If an Officer whose signature is on a Series B Preferred Stock certificate no longer holds that office at the time the Transfer Agent authenticates the Series B Preferred Stock certificate, the Series B Preferred Stock certificate shall be valid nevertheless.

A Series B Preferred Stock certificate shall not be valid until an authorized signatory of the Transfer Agent manually signs the certificate of authentication on the Series B Preferred Stock certificate. The signature shall be conclusive evidence that the Series B Preferred Stock certificate has been authenticated under this Certificate of Designations.

The Transfer Agent shall authenticate and deliver certificates for shares of Series B Preferred Stock for original issue upon a written order of the Company signed by two Officers or by an Officer and an Assistant Treasurer of the Company. Such order shall specify the number of shares of Series B Preferred Stock to be authenticated and the date on which the original issue of the Series B Preferred Stock is to be authenticated.

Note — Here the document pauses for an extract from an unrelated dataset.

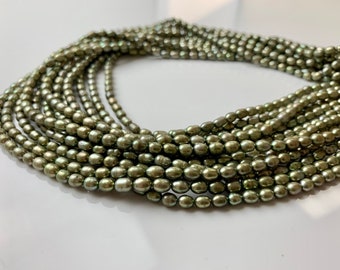 May include: A strand of green freshwater pearls, strung together in a long necklace. The pearls are oval-shaped and have a subtle iridescent sheen.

The Transfer Agent may appoint an authenticating agent reasonably acceptable to the Company to authenticate the certificates for the Series B Preferred Stock. Unless limited by the terms of such appointment, an authenticating agent may authenticate certificates for the Series B Preferred Stock whenever the Transfer Agent may do so. Each reference in this Certificate of Designations to authentication by the Transfer Agent includes authentication by such agent. An authenticating agent has the same rights as the Transfer Agent or agent for service of notices and demands.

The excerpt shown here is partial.